By Kathleen Jaycox, past Faith Action president, 2016 - 2018
One of my best memories with Faith Action came in July 2017 when Governor Ige signed into law the Kupuna Caregivers Act. The first legislation of its type in the nation, this act provides financial help for families so that a working family member can remain in the workforce because stipends are available to assist with care services for the family’s kupuna age 60 or older.
This landmark legislation was not won overnight. The Faith Action Task Force under the leadership of Dr. Clementina Ceria-Ulep had worked for years to gather stories of the economic impact on families when an employed family member must give up employment in order to be a caregiver. The negative impact is not short-term; it persists long after the caregiving ends. We received support from the national organization Caring Across Generations for more than two years as we worked to organize our members, share their stories with the media, testify before the legislature, and raise public awareness. There were many ups and downs along the road to this success.

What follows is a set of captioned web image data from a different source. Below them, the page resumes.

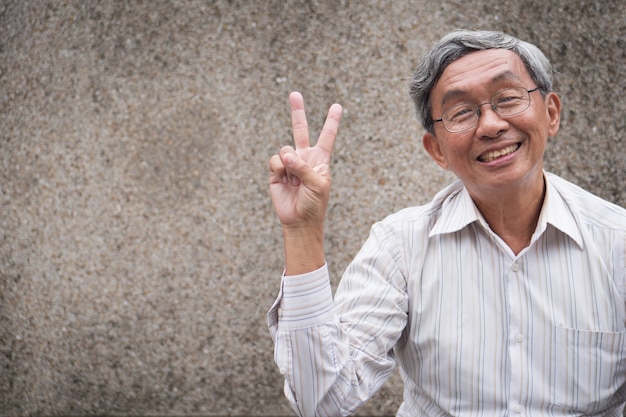 portrait senior man with glasses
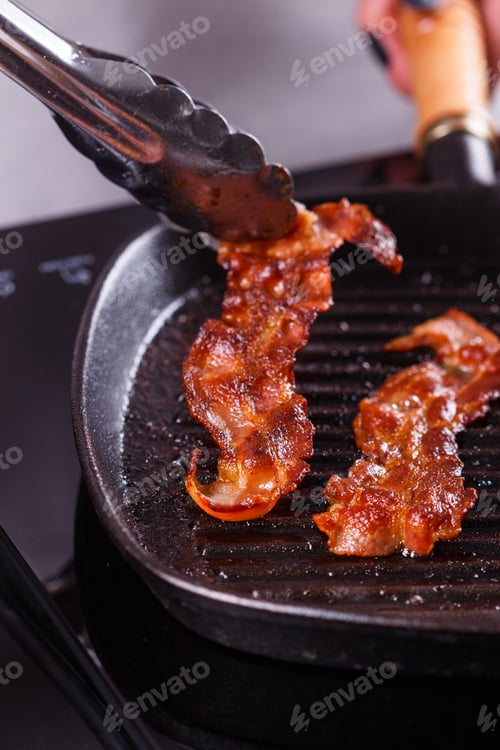 Preview: young woman in a gray apron fries bacon
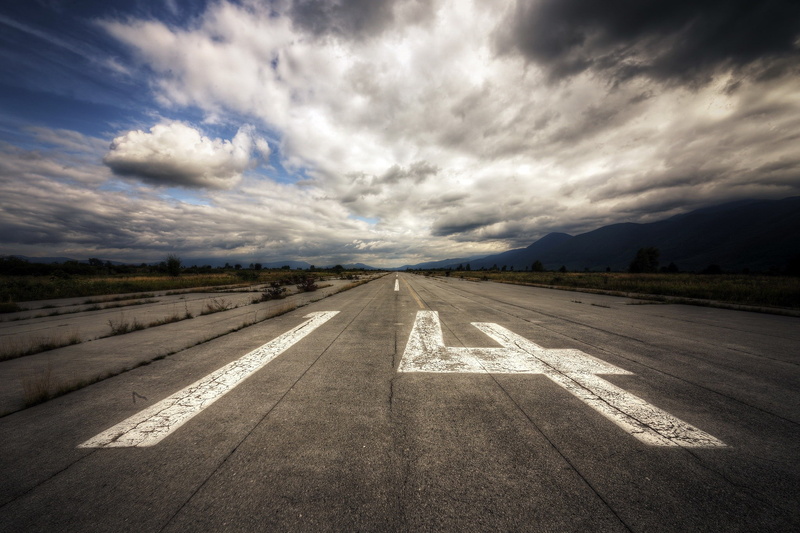 numbers, day, sign, sky, airport runway, the way forward, cloud - sky, no people, landscape, vanishing point, direction, road marking, road, outdoors, symbol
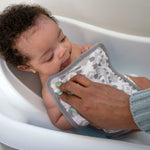 Baby being bathed with a gray and white patterned washcloth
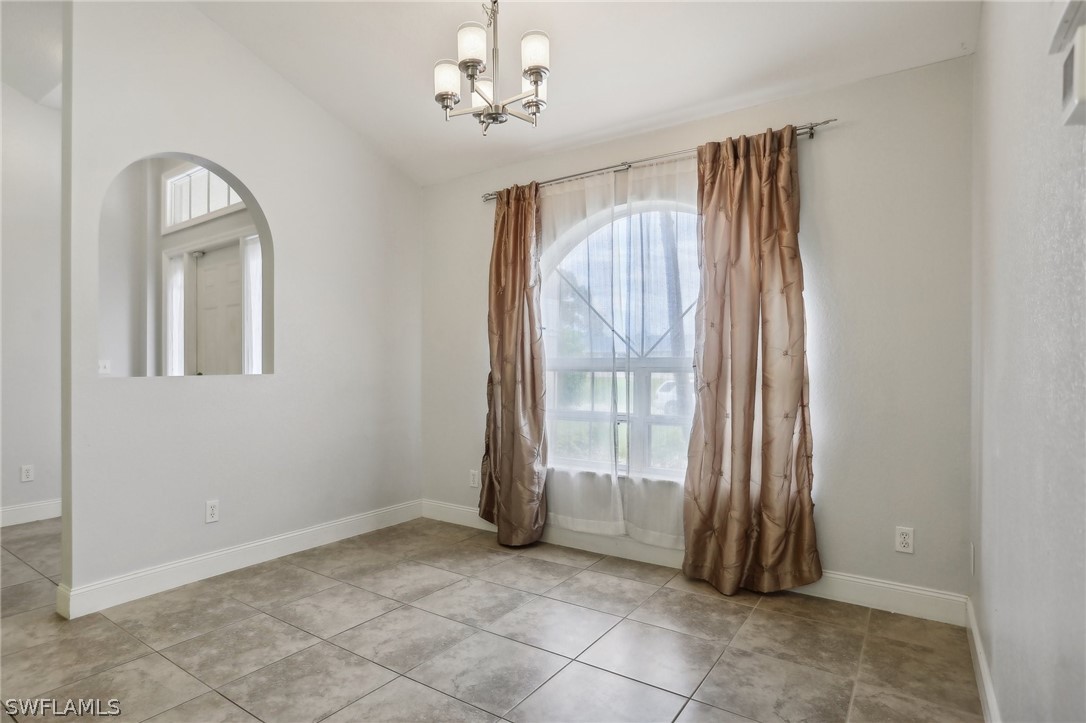 18364 Camellia Road Fort Myers, FL 33967 - Photo 8 of 48 an empty room with windows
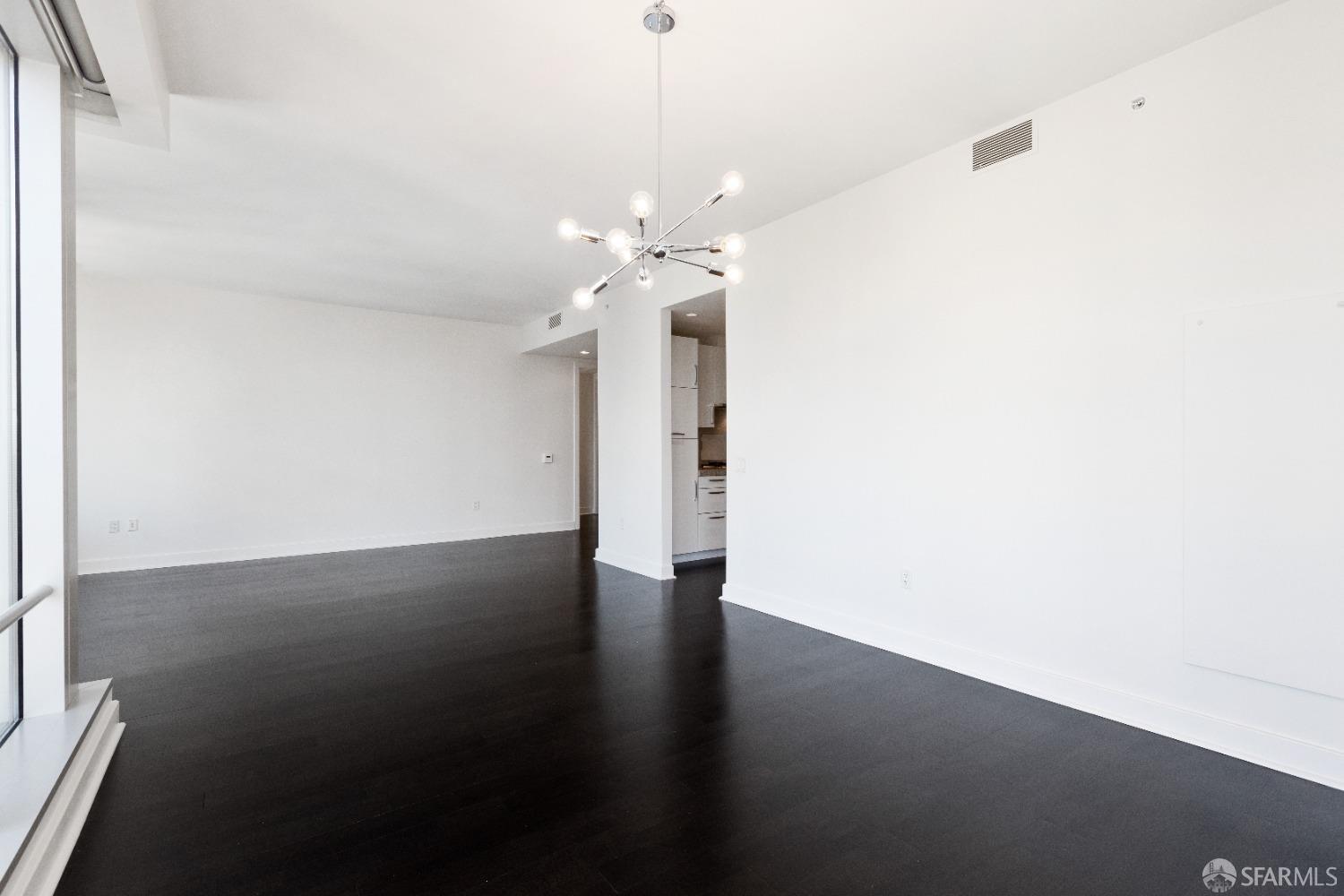 188 Minna, Unit 33A San Francisco, CA 94105 - Photo 9 of 29 a view of a room with a chandelier fan and wooden floor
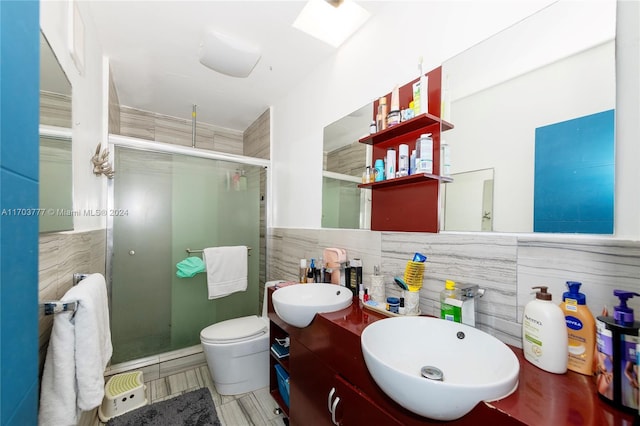 bathroom featuring vanity, a skylight, toilet, tile walls, and an enclosed shower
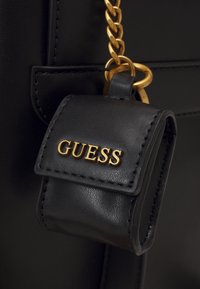 Detail černé kožené kabelky se zlatým řetízkem a malou černou taštičkou s logem "GUESS" ve zlatém písmu.
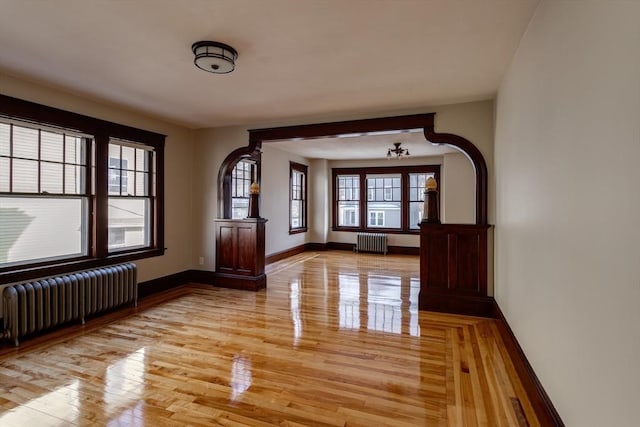 174 Vernon St, Worcester, MA 01610 - spare room with radiator heating unit, light wood-style flooring, and baseboards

I was privileged to be the Faith Action president at the time. Definitely a happy day!
JUBILATION ABOUNDS: Gov. Ige signs Kupuna Caregivers Act of 2017 which gives a stipend to the family that cares for a kupuna so that the caregiver can continue to hold down a job. Hawaii was first in the nation to pass such an Act. In blue Faith Action shirt is Kathy Jaycox. In the back row from left-right: Task Force chair Clem Ceria-Ulep and members Patrick Zukemura, Bob Nakata, Barbara Service, Jan Yuen, Karen Ginoza, and Rosalina Burian. Kupuna from the community joined in the celebration.